======== Records for the exercise
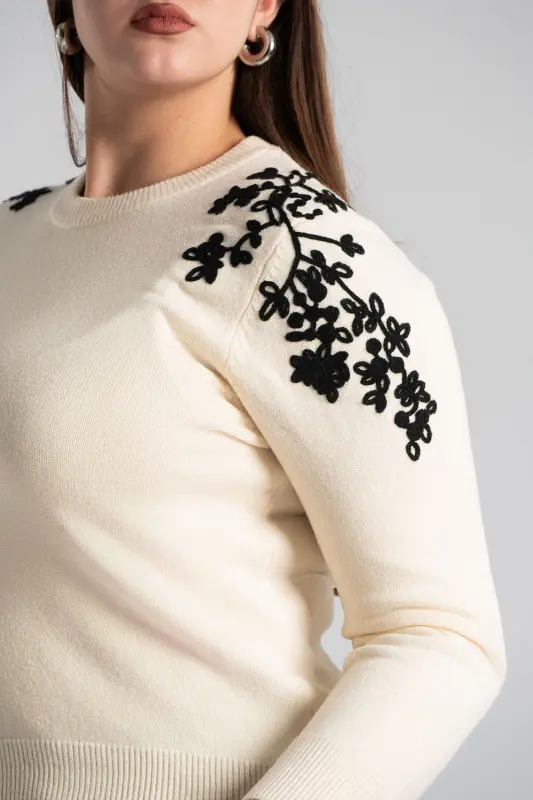 Blouse Long Sleeves Embroidery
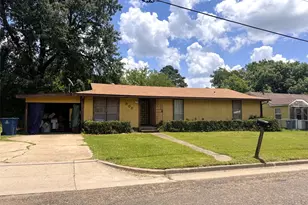 302 N O'Tyson, Mt Pleasant, TX 75455 - Photo 2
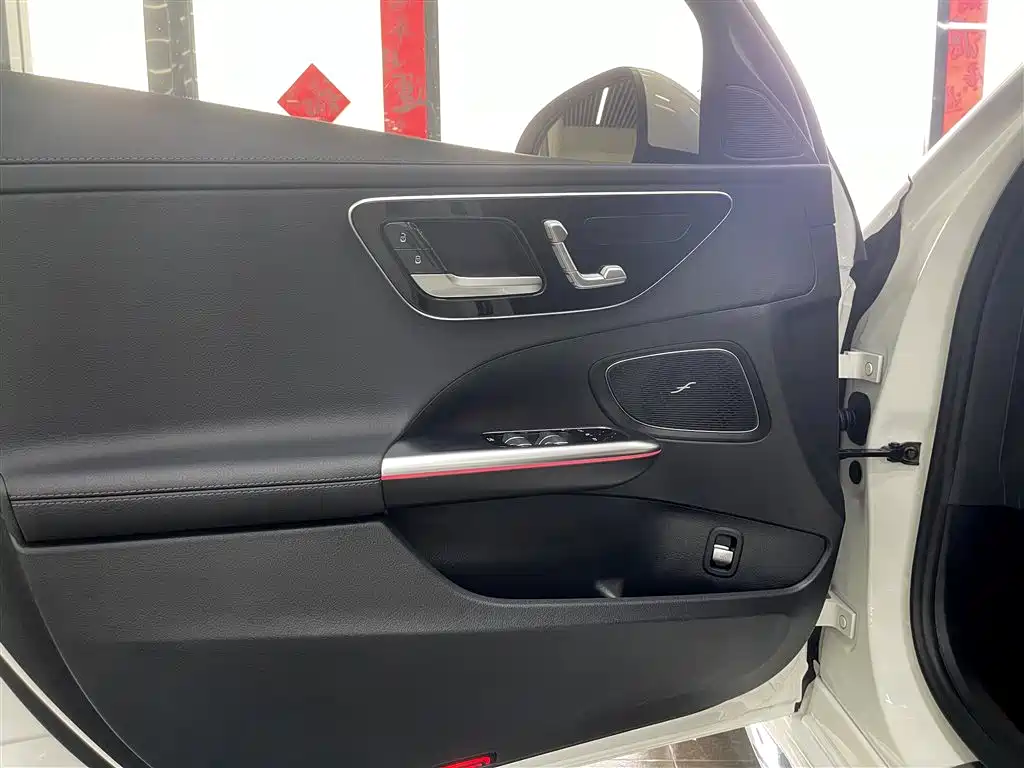 Mercedes-Benz C-Class 2022 C 260 L Sport 4MATIC фото 7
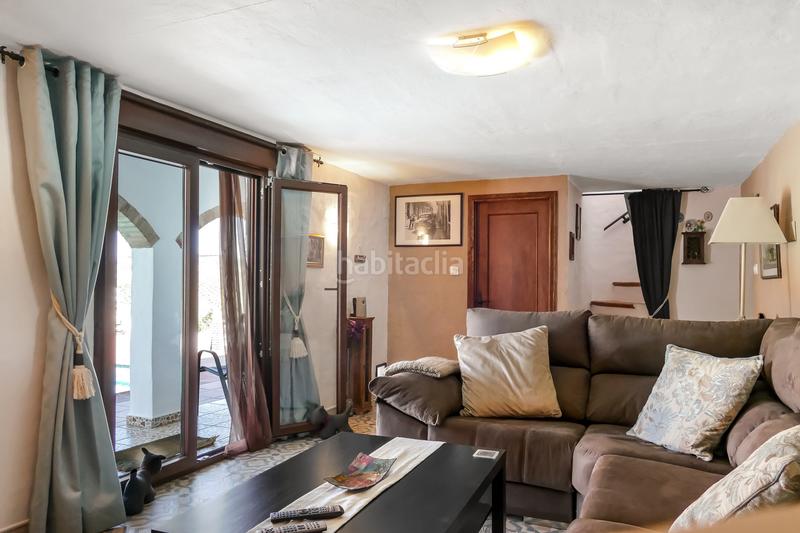 Foto 339cb223-d6a8-49be-8f5f-96b6006ddbf5. Casa bifamiliare con parcheggio piscina in Iznájar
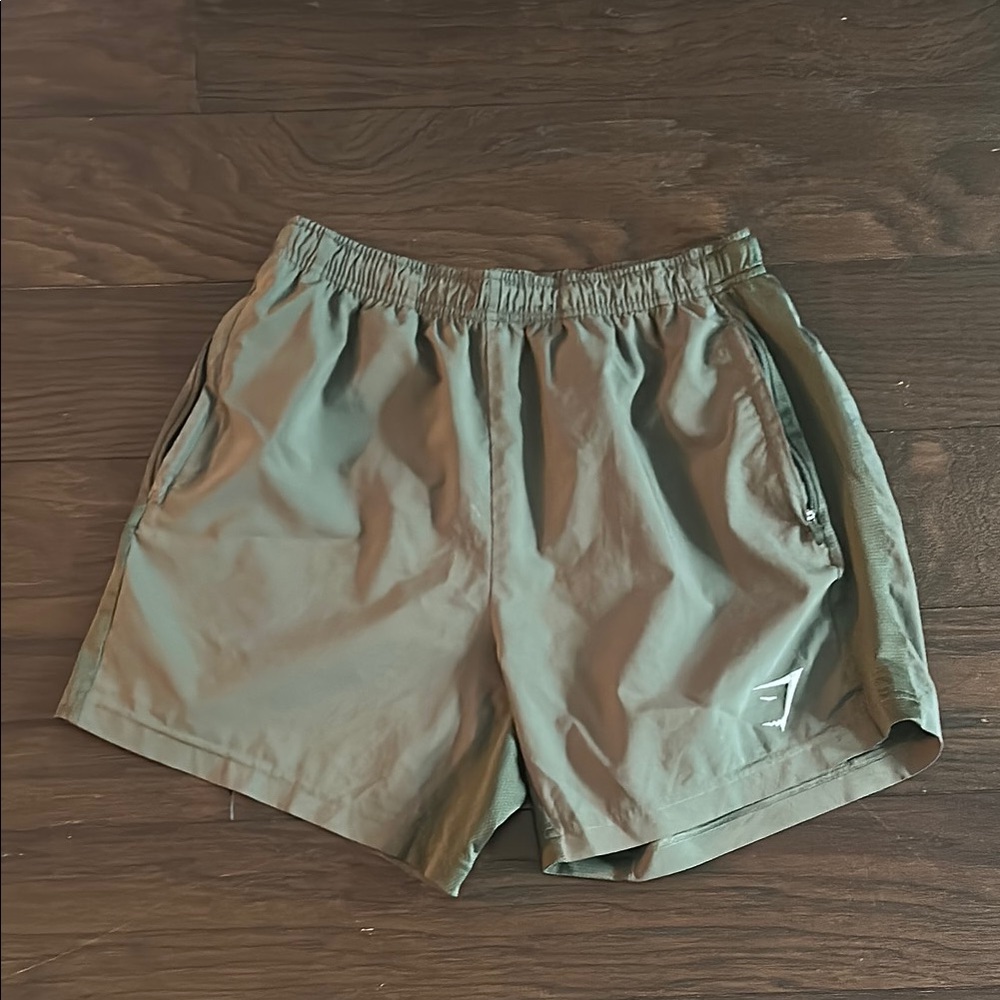 GYM SHARK ARMY GREEN ARRIVAL SHORTS 5”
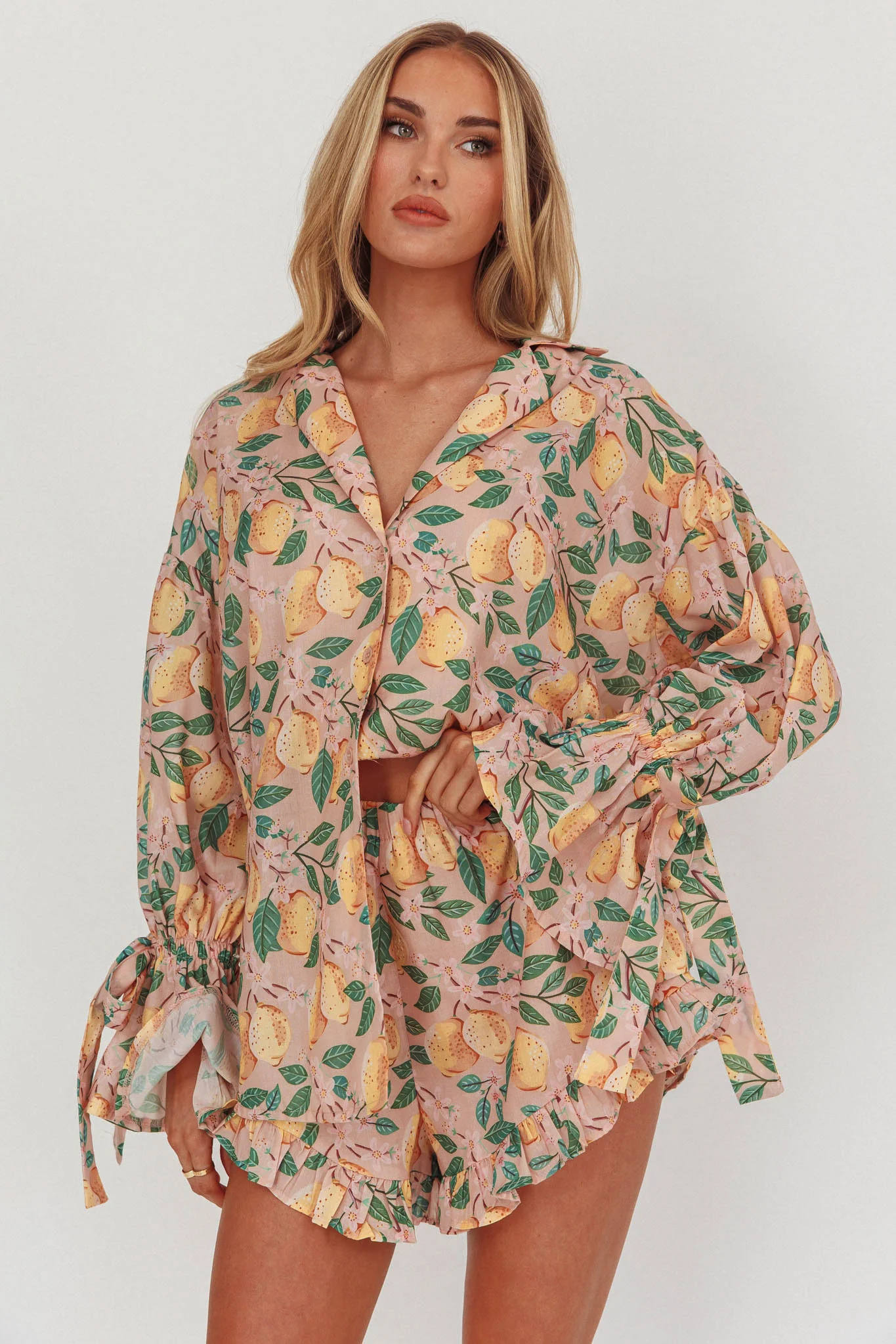 Telling Secrets Frill Trim Shorts Lemon - Image 5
================
**Task to complete:**
Exactly what appears in the records above must be returned, apart from the pictures.

**Response area:**
 Blouse Long Sleeves Embroidery
 302 N O'Tyson, Mt Pleasant, TX 75455 - Photo 2
 Mercedes-Benz C-Class 2022 C 260 L Sport 4MATIC фото 7
 Foto 339cb223-d6a8-49be-8f5f-96b6006ddbf5. Casa bifamiliare con parcheggio piscina in Iznájar
 GYM SHARK ARMY GREEN ARRIVAL SHORTS 5”
 Telling Secrets Frill Trim Shorts Lemon - Image 5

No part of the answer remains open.